Thursday, April 13, 2017

No+ Taxes: why the pension system reform should not be set aside from the private individual capitalization system


As I stated in two previous columns, "NO+ PAYGO: why is the pay-as-you-go system unviable today" and "Yes+ AFP (Private Pension Fund Managers): why the individual capitalization system is the right path", the year '80 Chile made the right decision to replace the pension system based on a pay-as-you-go mechanism for an individual capitalization mechanism administered by specialized private companies.

The current government has announced changes to the current pension system, where it proposes to raise the individual contribution by an additional 5% and that to be administered by a new autonomous state entity. From the additional 5%, 2 percentage point would go to a collective savings insurance and the other 3 percentage points to the individual workers' accounts.

Creating a new state entity to manage the additional contribution increases the system's operating costs and decreases the expected returns on the fund to which the contributors can aspire.

The state has shown not to have competencies to efficiently manage the resources and less to obtain a greater profitability of them. For example, in the last three years the average annual real return obtained by the funds managed by the AFPs is 4.93% on a simple average of funds A to E (A 5.95%, B 5.47%, C 5.15%, D 4.35%, E 3.75%), which compares favorably with the estimated real profitability of 0.16% per annum achieved by the Economic and Social Stabilization Fund (FEES), or the estimated real profitability of 1.44% of the Pension Reserve Fund (FRP), which started in 2007. Even more, during the last three years, the small contributions that the authority has made to the FRP have been financed with withdrawals from the FEES. Beyond the conservative investment strategies of the FEES and the FRP, their expected return is significantly lower than the ones achieved by the more conservative funds administered by the AFPs, Fund D or E.

The value of workers' funds administered by the AFPs in March reached CL $ 123,414,480 million, increasing by CL $ 13,159,135 million in one year, due to the contributions and profitability obtained. For its part, the FEES, which started in 2007, since its creation has received contributions of US $ 21,765.71 million, and has suffered withdrawals of US $ 10,852.81 million. And, today, its value reaches US $ 14.048 million. Of the total withdrawals that have been made from FEES, US $ 9,277.71 million were withdrawn in 2009, the year of presidential elections. In the case of the Pension Reserve Fund, it now accumulates US $ 9 billion, and by law as of this year, it allows the Treasury to withdraw about US $ 600 million to finance the Solidary Pension Pillar (basic solidarity pension -PBS- and social security contributions -APS-). And, where, until the year 2016, the resources to finance the payment of these benefits were contemplated in the fiscal budget.
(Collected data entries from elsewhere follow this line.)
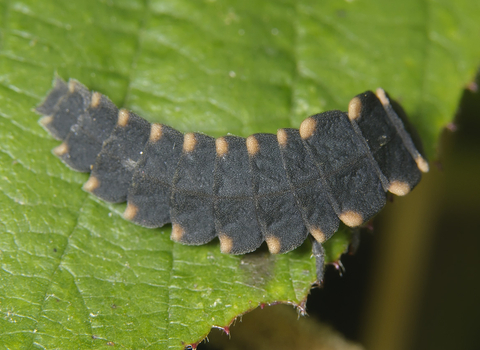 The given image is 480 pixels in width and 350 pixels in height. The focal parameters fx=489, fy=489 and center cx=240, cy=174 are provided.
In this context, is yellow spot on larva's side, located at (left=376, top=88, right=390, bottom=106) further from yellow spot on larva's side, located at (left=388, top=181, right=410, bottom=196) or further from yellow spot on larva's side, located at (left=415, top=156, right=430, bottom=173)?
yellow spot on larva's side, located at (left=388, top=181, right=410, bottom=196)

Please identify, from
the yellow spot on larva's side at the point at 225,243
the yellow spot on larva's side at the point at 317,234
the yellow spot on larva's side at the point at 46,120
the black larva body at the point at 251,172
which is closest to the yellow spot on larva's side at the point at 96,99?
the black larva body at the point at 251,172

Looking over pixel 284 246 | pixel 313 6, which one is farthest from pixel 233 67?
pixel 284 246

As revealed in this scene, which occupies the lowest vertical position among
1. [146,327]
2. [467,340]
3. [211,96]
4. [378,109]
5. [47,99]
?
[467,340]

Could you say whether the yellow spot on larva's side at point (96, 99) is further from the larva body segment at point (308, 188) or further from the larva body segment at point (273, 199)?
the larva body segment at point (308, 188)

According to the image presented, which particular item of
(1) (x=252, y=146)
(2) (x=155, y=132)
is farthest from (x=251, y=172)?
(2) (x=155, y=132)

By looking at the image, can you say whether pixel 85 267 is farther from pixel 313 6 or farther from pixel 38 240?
pixel 313 6

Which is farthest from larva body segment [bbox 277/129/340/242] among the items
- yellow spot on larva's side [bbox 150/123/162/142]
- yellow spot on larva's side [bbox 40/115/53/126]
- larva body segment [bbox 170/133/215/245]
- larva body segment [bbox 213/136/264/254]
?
yellow spot on larva's side [bbox 40/115/53/126] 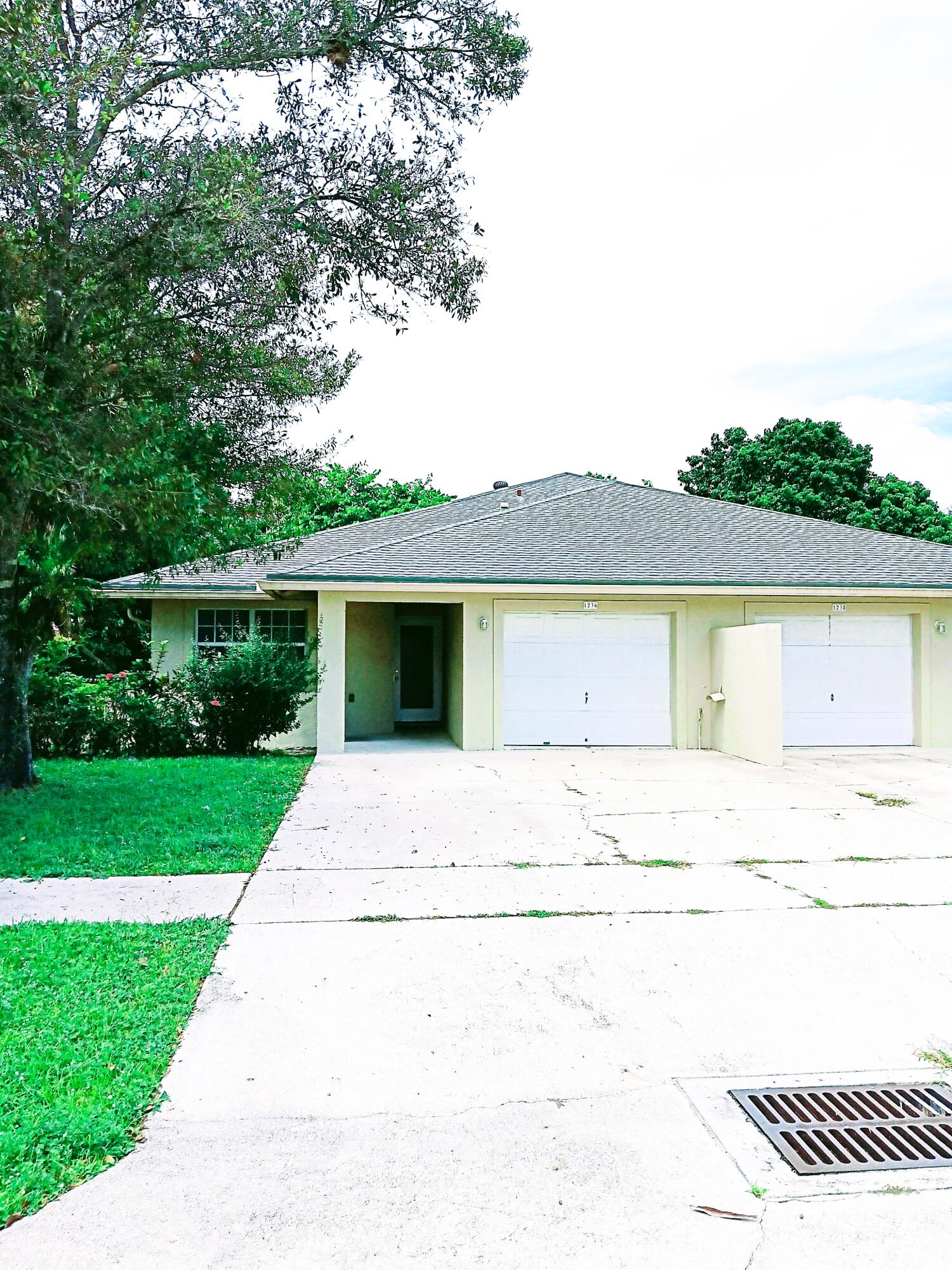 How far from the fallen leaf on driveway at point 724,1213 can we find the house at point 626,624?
35.0 feet

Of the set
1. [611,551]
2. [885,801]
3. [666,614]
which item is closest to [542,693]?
[666,614]

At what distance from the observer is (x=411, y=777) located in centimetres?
1161

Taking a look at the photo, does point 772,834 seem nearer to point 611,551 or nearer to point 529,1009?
point 529,1009

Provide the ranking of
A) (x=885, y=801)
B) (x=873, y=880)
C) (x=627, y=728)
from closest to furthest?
1. (x=873, y=880)
2. (x=885, y=801)
3. (x=627, y=728)

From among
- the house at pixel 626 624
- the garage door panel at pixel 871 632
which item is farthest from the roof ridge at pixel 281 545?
the garage door panel at pixel 871 632

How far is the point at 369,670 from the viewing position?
57.9ft

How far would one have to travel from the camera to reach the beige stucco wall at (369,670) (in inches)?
677

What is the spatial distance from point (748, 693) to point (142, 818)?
29.5ft

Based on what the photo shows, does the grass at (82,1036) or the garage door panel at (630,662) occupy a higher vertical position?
the garage door panel at (630,662)

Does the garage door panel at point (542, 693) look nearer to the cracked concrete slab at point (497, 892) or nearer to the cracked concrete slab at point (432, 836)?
the cracked concrete slab at point (432, 836)

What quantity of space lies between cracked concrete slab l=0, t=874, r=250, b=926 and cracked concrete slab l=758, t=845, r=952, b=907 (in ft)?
13.3

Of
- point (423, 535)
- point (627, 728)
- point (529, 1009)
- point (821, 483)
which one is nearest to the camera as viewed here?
point (529, 1009)

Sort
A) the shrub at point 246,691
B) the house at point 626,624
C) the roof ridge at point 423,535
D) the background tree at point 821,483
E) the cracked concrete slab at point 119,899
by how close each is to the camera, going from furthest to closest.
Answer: the background tree at point 821,483
the house at point 626,624
the roof ridge at point 423,535
the shrub at point 246,691
the cracked concrete slab at point 119,899

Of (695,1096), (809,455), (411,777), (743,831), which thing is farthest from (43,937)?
(809,455)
It remains to be seen how the Ministry of Finance will manage this additional source of funding to mobilize additional resources in a year of presidential elections.

The quote of an additional 2% that would go to collective savings insurance is a new labor tax, a regressive tax. And if it materializes, it will affect the workers, the middle class, and all those who depend on a living wage. The announcement made by the authority, emphasizes the 5% increase in workers contribution. But, says nothing about increasing the state's contributions to the Solidarity Pillar, and on to the chances to finance that contribution by reducing public spending, or on making a more efficient use of government revenues.

The additional contribution of 5% must go entirely to the individual capitalization accounts of the workers, these resources must be heritable, and individually are the workers who must decide which pension fund administrator must manage their resources. The creation of a new autonomous state entity would only increase the costs of the system, and will not generate higher returns than those managed by Pension Fund Administrators, specialized in portfolio management.

Achieving higher levels of efficiency, competition, and delivering greater pensions to workers are not resolved with the creation of a new autonomous state entity. If not rather, these objectives are achieved by increasing the competitive spaces between the AFPs, and leading the economy to a path of sustained economic growth, generating more and better jobs in the formal sector; and not with policies that slow growth and lead to greater informality and precariousness of the labor market, which will eventually have an impact on a greater demand for social assistance over the state.

The history of Chile has shown that it is easy and tempting for those who are leading the state apparatus to use the contributed resources from citizens and taxpayers, and history has also shown that on uncountable occasions they have not been good at administering those resources on the benefit of the governed.

I leave a question to comment: does the proposal of the authority imply a tax increase?